Advice about Writing

From the inbox:



I have just finished reading this fabulous book you have written. I only ask advice from you. I am an aspiring writer myself, but being a new mother there hasn’t been much time to really write many stories. I am a big paranormal fiction nut. Just wondering on how to I go about getting published.


Oh, I feel you, girl. New motherhood really took it out of me and my writing practice. My number one piece of advice: Go easy on yourself! Those newborn months are bad enough without you constantly beating up on yourself for not writing. The one big thing I wish I hadn’t done was put such a high writing expectation on maternity leave. I look back and wish I’d used that time to sleep.

My second piece of advice is get some sort of childcare.
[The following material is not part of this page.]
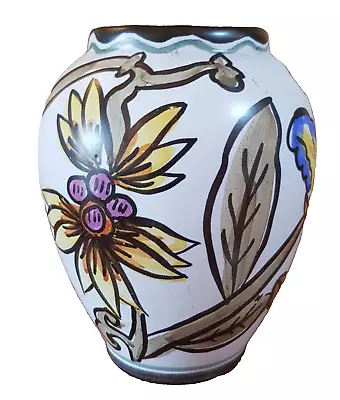 Buy Vintage Hand Painted Mid Century Floral Vase Attributed As Flora Holland C1960s • 10.50£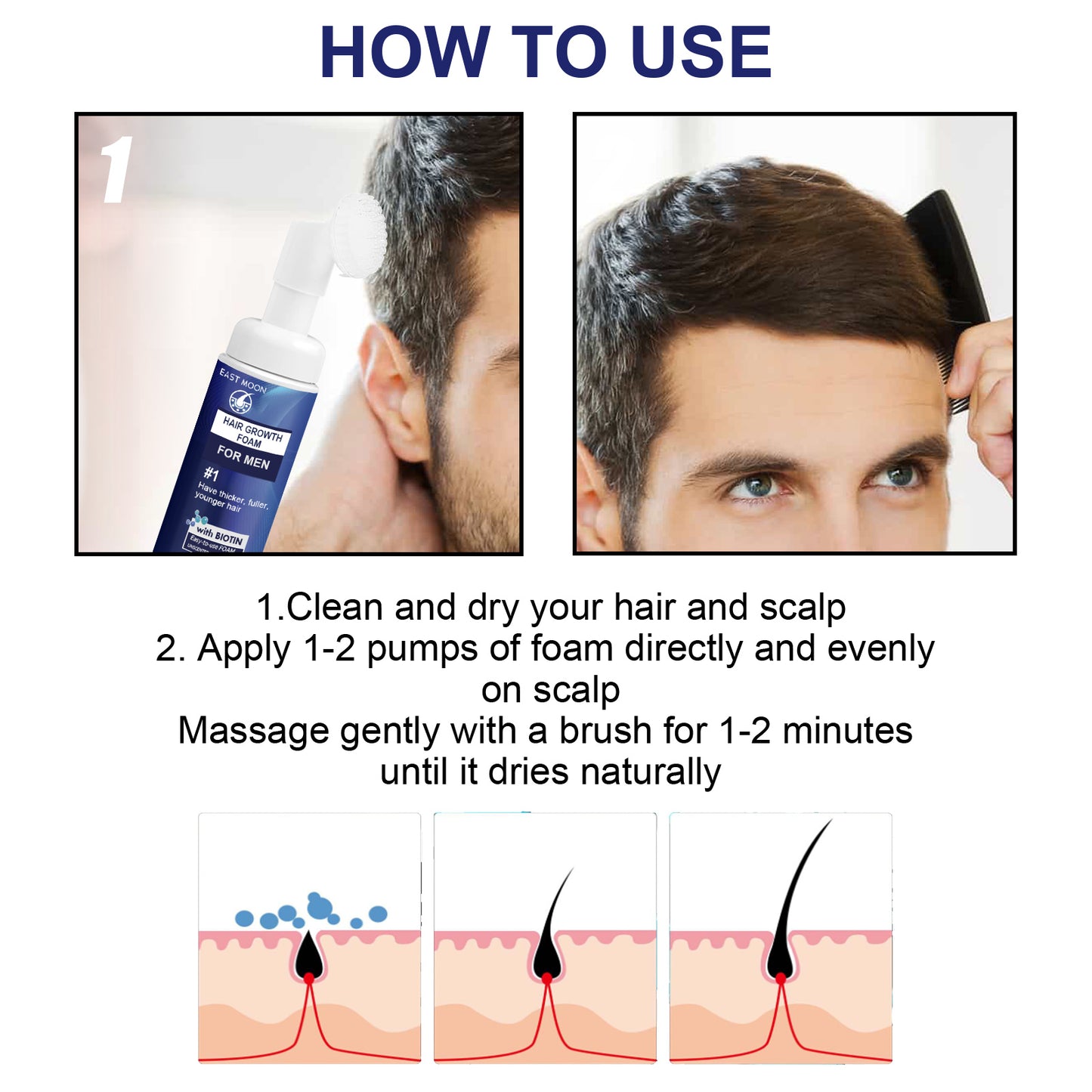 East Moon Men's Dense Hair Foam Machine, Repair Hair Root Follicle Men's Hair Thick Moisturizing Foam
I’ve read about more than one author who “wrote my first book while rocking my baby on my knees.” All I have to say about that is “show me the pictures!” because I really don’t believe it can’t be done. Invest in your writing practice by getting someone else to look after honeydear(s) while you write. And don’t squander that writing time. Close down everything except for one Google window, so that you don’t get distracted during your precious writing hour(s).

I didn’t start out with a publishing deal. I self-published and Harlequin Kimani scouted me after, like my fifth book. I love being an indie, and I just tell everyone who asks me about it in real life to self-publish and see where that takes you. Hopefully some place awesome that pays for that childcare you need to write.



Dear Ms Taylor,

I really enjoyed your book “Her Russian Billionaire” and it inspired me. It was really well written and I completely enjoyed it, going back to reread it countless times.

I was going to try my hand at writing and then publishing and I was wondering if you had any advice for me? Any sort if advice would be greatly appreciated.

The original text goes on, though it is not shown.